— ACTIVITY —
For this exercise, reproduce only the lines from the one holding "Three Models of" through the final line of the data below, exactly, and omit pictures.

───── RECORDED DATA ─────

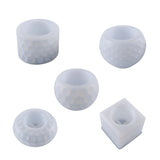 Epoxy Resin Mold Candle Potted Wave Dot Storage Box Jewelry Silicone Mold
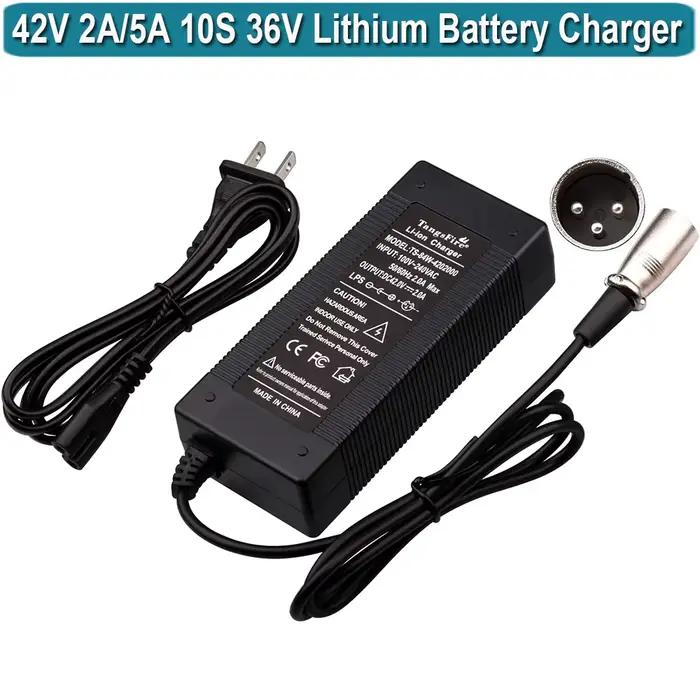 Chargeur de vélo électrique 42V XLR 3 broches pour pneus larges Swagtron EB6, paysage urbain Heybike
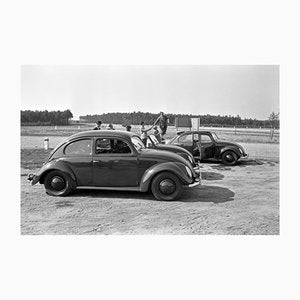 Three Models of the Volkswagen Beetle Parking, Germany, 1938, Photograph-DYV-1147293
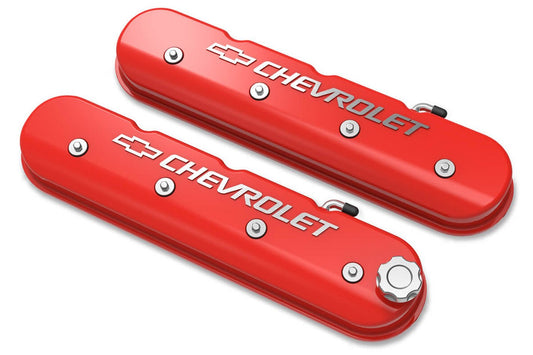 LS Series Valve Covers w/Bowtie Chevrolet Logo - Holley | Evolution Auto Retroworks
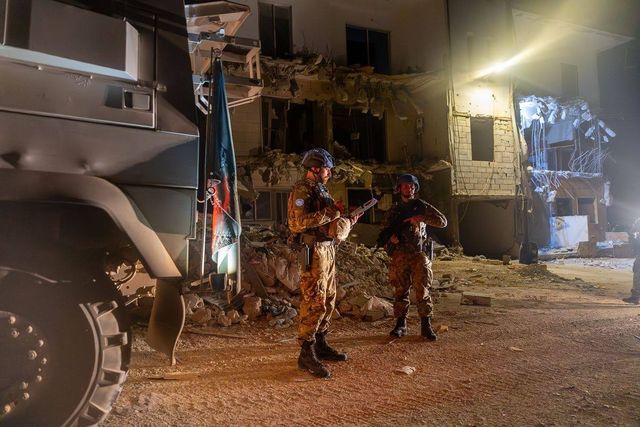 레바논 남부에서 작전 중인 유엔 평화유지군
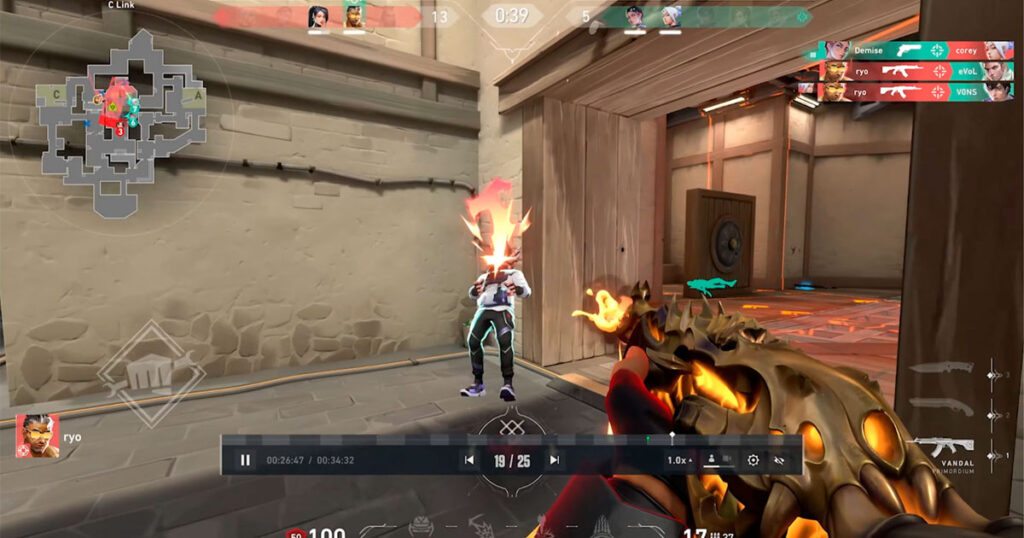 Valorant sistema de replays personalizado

─────

— ANSWER SECTION —
 Three Models of the Volkswagen Beetle Parking, Germany, 1938, Photograph-DYV-1147293
 LS Series Valve Covers w/Bowtie Chevrolet Logo - Holley | Evolution Auto Retroworks
 레바논 남부에서 작전 중인 유엔 평화유지군
 Valorant sistema de replays personalizado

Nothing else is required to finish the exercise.